- INSTRUCTIONS TO FOLLOW: Please output the section of the listing below that opens with the line containing "thumbnail image 1" and closes with the line containing "Månad för förebyggande", exactly and with nothing else.

++++ DATA PROVIDED

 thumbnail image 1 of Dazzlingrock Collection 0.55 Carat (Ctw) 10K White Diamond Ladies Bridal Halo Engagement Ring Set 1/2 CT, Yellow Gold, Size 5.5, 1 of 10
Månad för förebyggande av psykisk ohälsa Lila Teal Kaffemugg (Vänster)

++++++++
++++ DATA PROVIDED

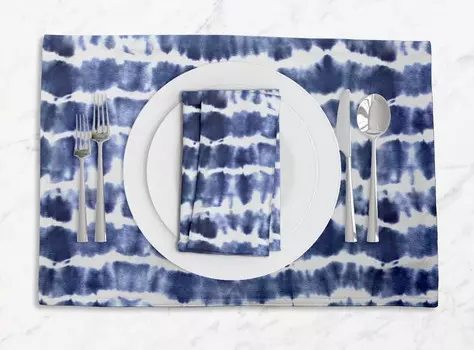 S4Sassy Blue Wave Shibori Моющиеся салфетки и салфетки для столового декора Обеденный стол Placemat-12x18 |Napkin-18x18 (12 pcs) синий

++++++++
++++ DATA PROVIDED

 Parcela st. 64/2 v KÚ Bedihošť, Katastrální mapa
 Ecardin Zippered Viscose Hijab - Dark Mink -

++++++++

- RESULT OF THE EXERCISE:
 thumbnail image 1 of Dazzlingrock Collection 0.55 Carat (Ctw) 10K White Diamond Ladies Bridal Halo Engagement Ring Set 1/2 CT, Yellow Gold, Size 5.5, 1 of 10
Månad för förebyggande av psykisk ohälsa Lila Teal Kaffemugg (Vänster)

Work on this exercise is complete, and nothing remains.